[Opening Given records section]

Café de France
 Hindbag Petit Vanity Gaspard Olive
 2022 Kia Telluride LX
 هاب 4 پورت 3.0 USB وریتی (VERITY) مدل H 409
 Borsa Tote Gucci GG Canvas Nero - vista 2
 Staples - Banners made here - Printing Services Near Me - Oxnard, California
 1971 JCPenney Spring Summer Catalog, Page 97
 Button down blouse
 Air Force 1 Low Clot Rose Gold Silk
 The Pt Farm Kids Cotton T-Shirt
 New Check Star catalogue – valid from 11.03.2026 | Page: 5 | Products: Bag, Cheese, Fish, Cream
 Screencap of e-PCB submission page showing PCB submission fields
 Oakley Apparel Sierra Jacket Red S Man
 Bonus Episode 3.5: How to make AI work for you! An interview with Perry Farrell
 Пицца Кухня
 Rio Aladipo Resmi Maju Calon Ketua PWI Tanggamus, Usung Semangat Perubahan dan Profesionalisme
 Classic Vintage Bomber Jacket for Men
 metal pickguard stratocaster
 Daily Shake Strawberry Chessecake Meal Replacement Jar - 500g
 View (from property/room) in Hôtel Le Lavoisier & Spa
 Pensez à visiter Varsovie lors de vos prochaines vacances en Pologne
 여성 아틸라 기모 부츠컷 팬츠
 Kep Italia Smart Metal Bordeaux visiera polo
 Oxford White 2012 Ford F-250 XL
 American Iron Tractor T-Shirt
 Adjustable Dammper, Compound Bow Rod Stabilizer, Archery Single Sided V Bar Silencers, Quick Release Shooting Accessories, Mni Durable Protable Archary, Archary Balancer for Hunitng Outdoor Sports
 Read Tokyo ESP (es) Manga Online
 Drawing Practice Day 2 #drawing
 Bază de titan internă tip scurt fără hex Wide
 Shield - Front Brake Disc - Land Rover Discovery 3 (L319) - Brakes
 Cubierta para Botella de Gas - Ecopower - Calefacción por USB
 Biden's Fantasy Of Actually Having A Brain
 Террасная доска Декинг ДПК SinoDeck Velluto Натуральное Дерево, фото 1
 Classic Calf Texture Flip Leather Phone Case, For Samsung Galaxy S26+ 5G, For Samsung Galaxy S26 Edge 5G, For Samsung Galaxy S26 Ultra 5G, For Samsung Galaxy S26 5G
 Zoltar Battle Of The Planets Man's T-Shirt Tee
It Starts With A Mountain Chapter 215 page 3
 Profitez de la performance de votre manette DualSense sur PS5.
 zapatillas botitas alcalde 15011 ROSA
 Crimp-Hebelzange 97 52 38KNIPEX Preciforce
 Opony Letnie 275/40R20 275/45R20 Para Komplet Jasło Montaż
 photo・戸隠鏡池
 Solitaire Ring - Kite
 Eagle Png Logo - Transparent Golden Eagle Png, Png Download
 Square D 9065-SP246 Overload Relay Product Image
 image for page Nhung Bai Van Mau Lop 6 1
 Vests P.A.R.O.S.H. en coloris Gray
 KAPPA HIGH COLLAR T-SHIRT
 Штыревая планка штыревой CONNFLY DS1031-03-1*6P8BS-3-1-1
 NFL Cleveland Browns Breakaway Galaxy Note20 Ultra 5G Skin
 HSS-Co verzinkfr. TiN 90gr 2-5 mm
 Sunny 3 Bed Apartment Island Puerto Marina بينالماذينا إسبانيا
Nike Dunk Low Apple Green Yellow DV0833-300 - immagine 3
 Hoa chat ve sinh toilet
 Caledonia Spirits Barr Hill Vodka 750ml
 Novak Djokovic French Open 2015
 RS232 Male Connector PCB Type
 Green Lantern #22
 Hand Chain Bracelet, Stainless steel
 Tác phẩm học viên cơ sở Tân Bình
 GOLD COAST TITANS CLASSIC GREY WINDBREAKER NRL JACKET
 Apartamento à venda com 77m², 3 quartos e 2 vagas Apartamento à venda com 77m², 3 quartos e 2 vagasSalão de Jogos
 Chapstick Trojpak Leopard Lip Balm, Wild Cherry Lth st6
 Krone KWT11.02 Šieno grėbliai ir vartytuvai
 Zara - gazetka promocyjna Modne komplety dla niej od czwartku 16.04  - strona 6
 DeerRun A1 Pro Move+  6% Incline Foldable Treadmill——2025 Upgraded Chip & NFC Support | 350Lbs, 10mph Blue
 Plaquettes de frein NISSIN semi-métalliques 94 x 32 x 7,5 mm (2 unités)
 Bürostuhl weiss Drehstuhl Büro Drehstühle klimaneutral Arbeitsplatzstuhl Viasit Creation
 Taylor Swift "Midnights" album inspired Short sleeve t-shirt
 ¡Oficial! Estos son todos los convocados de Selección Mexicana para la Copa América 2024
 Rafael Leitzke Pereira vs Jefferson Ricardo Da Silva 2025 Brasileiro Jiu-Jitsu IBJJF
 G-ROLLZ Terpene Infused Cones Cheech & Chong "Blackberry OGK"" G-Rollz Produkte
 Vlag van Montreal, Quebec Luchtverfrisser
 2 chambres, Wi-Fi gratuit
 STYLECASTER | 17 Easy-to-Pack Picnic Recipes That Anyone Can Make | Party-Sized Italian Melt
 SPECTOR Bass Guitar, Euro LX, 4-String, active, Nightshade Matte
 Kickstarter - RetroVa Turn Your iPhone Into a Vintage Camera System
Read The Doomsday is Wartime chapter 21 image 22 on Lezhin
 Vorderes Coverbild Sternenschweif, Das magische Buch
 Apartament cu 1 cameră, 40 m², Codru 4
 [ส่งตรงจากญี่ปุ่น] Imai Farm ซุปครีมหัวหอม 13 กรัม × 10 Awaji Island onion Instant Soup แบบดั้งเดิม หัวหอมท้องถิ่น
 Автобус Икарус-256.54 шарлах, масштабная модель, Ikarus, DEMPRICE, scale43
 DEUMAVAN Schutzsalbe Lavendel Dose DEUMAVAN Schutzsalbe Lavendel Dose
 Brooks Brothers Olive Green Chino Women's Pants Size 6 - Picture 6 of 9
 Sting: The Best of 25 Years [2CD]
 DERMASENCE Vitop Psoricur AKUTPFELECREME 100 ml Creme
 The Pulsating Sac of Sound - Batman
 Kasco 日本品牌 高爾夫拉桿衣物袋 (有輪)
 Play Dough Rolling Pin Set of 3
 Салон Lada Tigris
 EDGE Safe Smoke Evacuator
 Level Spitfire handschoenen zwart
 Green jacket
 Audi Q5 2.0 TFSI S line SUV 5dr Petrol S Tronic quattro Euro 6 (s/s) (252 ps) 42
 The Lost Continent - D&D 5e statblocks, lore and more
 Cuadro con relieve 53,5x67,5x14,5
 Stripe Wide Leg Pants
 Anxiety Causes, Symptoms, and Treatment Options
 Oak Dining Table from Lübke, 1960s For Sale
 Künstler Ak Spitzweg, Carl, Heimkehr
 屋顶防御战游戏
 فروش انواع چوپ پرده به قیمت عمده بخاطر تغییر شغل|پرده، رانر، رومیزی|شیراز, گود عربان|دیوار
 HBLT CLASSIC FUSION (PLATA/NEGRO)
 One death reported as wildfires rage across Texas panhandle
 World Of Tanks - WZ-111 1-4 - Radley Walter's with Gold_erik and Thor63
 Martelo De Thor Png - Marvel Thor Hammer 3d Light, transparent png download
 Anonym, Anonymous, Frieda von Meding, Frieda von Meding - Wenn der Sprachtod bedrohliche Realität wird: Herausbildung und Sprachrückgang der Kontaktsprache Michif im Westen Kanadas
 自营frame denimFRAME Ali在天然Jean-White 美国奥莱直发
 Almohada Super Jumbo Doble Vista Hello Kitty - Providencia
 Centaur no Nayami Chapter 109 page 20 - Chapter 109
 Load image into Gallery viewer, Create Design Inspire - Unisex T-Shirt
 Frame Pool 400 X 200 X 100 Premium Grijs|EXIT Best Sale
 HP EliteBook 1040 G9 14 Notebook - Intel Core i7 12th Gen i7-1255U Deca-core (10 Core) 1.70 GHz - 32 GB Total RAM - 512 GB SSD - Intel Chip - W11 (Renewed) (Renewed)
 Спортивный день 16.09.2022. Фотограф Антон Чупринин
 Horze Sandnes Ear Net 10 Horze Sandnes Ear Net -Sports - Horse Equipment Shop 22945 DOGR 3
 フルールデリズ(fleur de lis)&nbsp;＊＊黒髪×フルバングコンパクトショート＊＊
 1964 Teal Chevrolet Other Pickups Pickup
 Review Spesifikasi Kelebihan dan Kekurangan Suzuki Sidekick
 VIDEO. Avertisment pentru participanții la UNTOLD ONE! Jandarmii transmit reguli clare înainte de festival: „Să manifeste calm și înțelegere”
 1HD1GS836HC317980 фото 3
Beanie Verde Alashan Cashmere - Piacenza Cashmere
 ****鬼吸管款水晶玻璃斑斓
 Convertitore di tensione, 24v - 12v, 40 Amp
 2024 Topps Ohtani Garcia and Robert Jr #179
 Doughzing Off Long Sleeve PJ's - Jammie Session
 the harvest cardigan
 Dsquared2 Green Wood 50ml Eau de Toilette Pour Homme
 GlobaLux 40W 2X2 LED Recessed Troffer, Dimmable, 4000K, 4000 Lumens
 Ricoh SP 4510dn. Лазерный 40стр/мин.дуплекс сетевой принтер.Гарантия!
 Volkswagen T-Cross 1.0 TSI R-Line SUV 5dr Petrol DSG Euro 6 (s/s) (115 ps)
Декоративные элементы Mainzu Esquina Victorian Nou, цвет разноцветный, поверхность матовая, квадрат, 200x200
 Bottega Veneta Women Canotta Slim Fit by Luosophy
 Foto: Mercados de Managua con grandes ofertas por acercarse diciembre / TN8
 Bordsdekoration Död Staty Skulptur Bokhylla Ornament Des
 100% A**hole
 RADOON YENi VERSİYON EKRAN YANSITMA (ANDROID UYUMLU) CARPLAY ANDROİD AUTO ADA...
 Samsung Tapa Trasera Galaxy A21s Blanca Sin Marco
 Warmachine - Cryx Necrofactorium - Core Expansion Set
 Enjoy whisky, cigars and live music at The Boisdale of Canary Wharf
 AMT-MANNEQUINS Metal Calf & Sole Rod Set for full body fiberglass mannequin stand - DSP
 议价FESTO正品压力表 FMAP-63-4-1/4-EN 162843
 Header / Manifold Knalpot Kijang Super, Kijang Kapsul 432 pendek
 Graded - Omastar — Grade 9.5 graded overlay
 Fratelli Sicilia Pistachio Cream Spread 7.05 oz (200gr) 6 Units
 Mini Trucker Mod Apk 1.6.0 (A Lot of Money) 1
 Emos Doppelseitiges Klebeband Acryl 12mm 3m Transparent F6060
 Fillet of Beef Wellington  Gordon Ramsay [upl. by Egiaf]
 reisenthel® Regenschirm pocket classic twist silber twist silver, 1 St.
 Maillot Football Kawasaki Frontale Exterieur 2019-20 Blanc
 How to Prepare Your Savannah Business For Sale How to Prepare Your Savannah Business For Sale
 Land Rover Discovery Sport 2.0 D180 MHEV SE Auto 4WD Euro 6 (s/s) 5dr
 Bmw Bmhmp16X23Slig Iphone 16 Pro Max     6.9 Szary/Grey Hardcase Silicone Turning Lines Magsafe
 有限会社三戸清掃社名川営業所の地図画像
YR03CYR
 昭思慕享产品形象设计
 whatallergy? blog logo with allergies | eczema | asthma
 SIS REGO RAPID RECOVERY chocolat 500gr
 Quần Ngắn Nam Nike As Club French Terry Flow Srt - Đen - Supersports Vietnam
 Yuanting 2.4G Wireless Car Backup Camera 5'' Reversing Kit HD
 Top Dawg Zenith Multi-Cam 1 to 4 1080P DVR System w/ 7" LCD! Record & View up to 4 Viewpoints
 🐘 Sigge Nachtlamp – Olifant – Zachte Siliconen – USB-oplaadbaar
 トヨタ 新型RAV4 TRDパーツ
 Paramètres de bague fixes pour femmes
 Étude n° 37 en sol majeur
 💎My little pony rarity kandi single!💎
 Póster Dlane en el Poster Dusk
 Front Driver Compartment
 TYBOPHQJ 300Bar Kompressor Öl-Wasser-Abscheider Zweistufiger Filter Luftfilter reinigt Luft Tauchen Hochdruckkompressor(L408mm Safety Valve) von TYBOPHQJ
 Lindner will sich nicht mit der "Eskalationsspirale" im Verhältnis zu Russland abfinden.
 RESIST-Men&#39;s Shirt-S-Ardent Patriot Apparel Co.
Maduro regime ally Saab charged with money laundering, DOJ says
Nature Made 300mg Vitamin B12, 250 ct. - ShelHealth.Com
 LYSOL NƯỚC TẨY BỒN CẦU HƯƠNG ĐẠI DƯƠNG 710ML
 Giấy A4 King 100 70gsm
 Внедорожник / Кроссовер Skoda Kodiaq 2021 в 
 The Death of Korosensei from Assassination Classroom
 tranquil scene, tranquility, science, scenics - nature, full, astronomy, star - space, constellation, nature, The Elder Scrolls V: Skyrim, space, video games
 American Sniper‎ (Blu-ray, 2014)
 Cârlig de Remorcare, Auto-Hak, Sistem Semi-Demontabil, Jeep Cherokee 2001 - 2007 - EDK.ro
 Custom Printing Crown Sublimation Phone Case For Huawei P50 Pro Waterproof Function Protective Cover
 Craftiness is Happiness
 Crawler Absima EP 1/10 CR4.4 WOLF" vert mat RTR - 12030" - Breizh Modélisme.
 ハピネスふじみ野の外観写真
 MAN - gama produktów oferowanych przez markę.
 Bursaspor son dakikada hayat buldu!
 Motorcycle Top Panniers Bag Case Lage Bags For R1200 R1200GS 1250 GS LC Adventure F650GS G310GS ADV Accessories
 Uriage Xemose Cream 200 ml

[Closing Given records section]

### Instructions to follow
Your task is to restate, word for word, only those lines above that fall between the line holding "American Sniper‎ (Blu-ray, 2014)" and the line holding "Bursaspor son dakikada hayat buldu!", inclusive.

### The completed task
 American Sniper‎ (Blu-ray, 2014)
 Cârlig de Remorcare, Auto-Hak, Sistem Semi-Demontabil, Jeep Cherokee 2001 - 2007 - EDK.ro
 Custom Printing Crown Sublimation Phone Case For Huawei P50 Pro Waterproof Function Protective Cover
 Craftiness is Happiness
 Crawler Absima EP 1/10 CR4.4 WOLF" vert mat RTR - 12030" - Breizh Modélisme.
 ハピネスふじみ野の外観写真
 MAN - gama produktów oferowanych przez markę.
 Bursaspor son dakikada hayat buldu!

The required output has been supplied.